The first thing to do when planning a trip to Beijing is to read up about it, including any pitfalls. I didn’t (no time), and so, being naturally naïve, did get fleeced. I won’t admit how, but the city has got well up-to-speed in possessing its fair share of scavengers preying on the tourists in the popular areas. But I recognise that all exceptional destinations are marred by it. One problem that does relate to China is the large number of fake 100 Chinese Yuan notes in circulation. I am pretty sure that a non-licensed taxi man swapped a good 100 Yuan note for a fake when I was arguing with him for a full five minutes over change (clearly a ploy, in retrospect) before getting out. Fake notes abound, unfortunately.

The Great Wall

That first day I spent nearly four hours at the fantastic Forbidden City (a must-see), with its numerous palaces. The moat was frozen, but the weather was not as cold as it is normally. I later climbed the artificial hill beyond, with a commanding view over the Forbidden City. After hours of walking south around the Forbidden City, passing through security, I reached the huge Tiananmen Square, which was very quiet.

On another day, I took an excursion to the Great Wall, at Mutianyu. That section is quieter than the other stretch that people visit, and in fact it was extremely quiet. The Wall is steeply stepped in places. It had been very dry, and there was, unusually, no snow, and the air was clear. Tremendous views, yet it felt quite intimate up there, between its enclosing, crenellated walls.

The Summer Palace

The Summer Palace (and the old ruined palace nearby) made an excellent day out at the weekend, via the subway, for Andrew and me. The marble boat is amazing. There were hundreds of people skating on the very large artificial lake.

Another day I took the subway and went to look round some Hutongs (traditional residential areas). I picked some less visited ones and they were interesting and charming, but obviously provided pretty basic living for local people.

On Monday, we at last moved on to Jinan, Shandong Province, where we met up again with Xing, who had been working her socks off for this project ever since October.

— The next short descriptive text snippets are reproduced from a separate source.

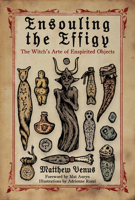 Ensouling the Effigy: The Witch’s Arte of Enspirited Objects 1964537037 Book Cover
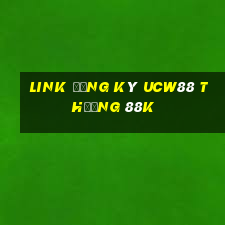 Link đăng ký Ucw88 Thưởng 88k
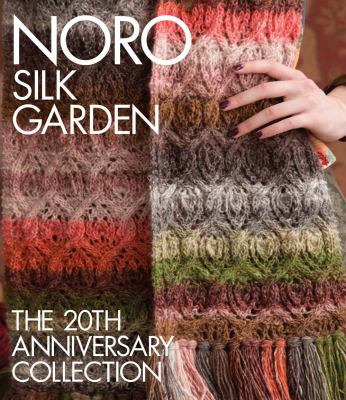 Noro Silk Garden : the 20th anniversary collection cover image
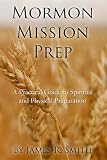 Mormon Mission Prep: A Practical Guide to Spiritual and Physical Preparation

As I write this paragraph, the sound of the lifts in the hotel at Jinan, Shandong Province, where we have come for the first of the two workshops, reminds me of the incredibly smoothly running, and punctual, high speed (304 km/h) train that brought us here. The city is a typical medium-sized place for China (population 12 million), and the hotel gives commanding views, although the pollution haze is evident. No time to explore the city (‘City of Springs’), unfortunately.

The Marble boat at the Summer Palace

Later, we travelled 300 km by hired minibus to Shijiazhuang, Hebei Province for the workshop there. In this Province, the pollution was very bad: visibility was extremely poor, and the sun could only be made out as a dim disk during the afternoon. Very soon after arrival, we were hosted at a banquet given by Mr Li Pu, Secretary General, Hebei Provincial People’s Government. It was in a lovely room at a different hotel from that used for the workshop. The Chinese people there, including our local experts from Beijing, made period visits to others around the large table during the meal. This Chinese custom is most entertaining. The evening ended suddenly, when the host stood up – a good system actually, as it saves you wondering whether it is appropriate to leave or not.

Inside our hotel the air quality index was shown as high (bad), and a haze was distinctly visible.

The high speed train to Beijing was good again and there was a day or so to have a further look round and visit some vegetarian restaurants (Buddhists seem to run these). Xing was an excellent guide for this, and showed me the Temple of Heaven and other sites. The sun shone, and air quality was pretty good.

The A380 back to Dubai with Emirates was a dream again.

Unfortunately, Andrew was unwell from the pollution after he returned, and I had increasing signs of some nasty bug. It is only almost gone now, two and a half weeks after getting back – hence the lateness of this blog.